Aryo melepaskan rangkulannya. Dia berbaring terlentang dengan nafas tersengal. Luka-lukanya sudah parah. Tapi dia tersenyum menatap Diah yang menitikkan air mata.
"Aku...sudah menyelamatkan...dua wanita yang kucintai," kata lelaki itu dengan susah payah. "Kuharap...cukup....menebus pengkhianatanku."
Dyah mengecup kening Aryo. Dan lelaki itu pun menghembuskan nafas terakhirnya.
Lukman melangkah mendekat. Canggung. "Uh..aku harus mengakui bajingan ini berani sekali. Kutarik semua serapahku tadi. Aku pasti sudah mampus kalau dia tidak....ada apa lagi ini?"
Cahaya kehijauan yang berpendar dari sekujur dinding ruangan tiba-tiba padam. Seolah kematian makhluk raksasa tadi juga mematikan sumber cahayanya.
"Bahaya!" desis Dyah.
Dan memang demikian. Pintu keluar yang semula tertutup tadi mendadak terbuka. Mayat-mayat hidup yang semula di luar sekarang menyerbu masuk. Beberapa di antaranya sudah tidak utuh. Hanya tersisa tubuh bagian atas. Merayap-rayap dengan kegesitan yang mencengangkan.
Sejenak mereka mengacuhkan Dyah maupun Lukman.

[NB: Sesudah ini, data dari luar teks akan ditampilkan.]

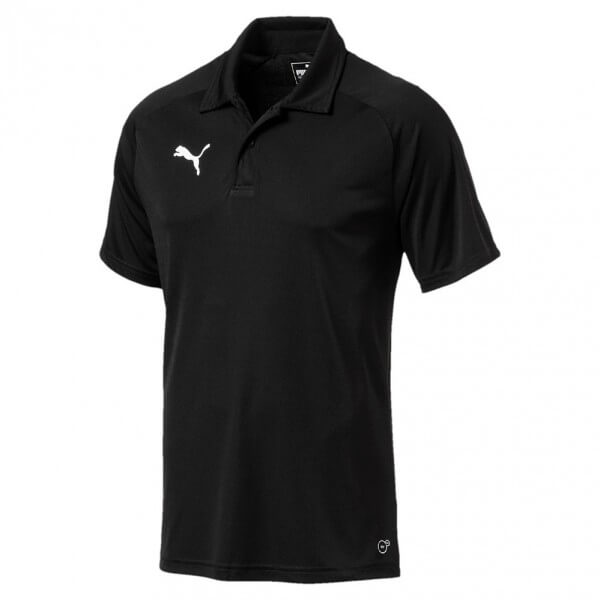 Puma LIGA Sideline Polo - schwarz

Semua lebih tertarik pada tiga mayat yang ada. Seperti kawanan piranha kelaparan, mereka merobek-robek ketiga mayat itu dengan gigi dan jari.
Dyah menarik tangan Lukman. "Ikuti aku!"
Lukman kaget. "Ke mana?"
Tak ada waktu menjelaskan. Dyah berlari ke seberang ruangan. Ternyata ada pintu di sana. Dyah menggesernya dengan mudah. "Masuk, cepat!"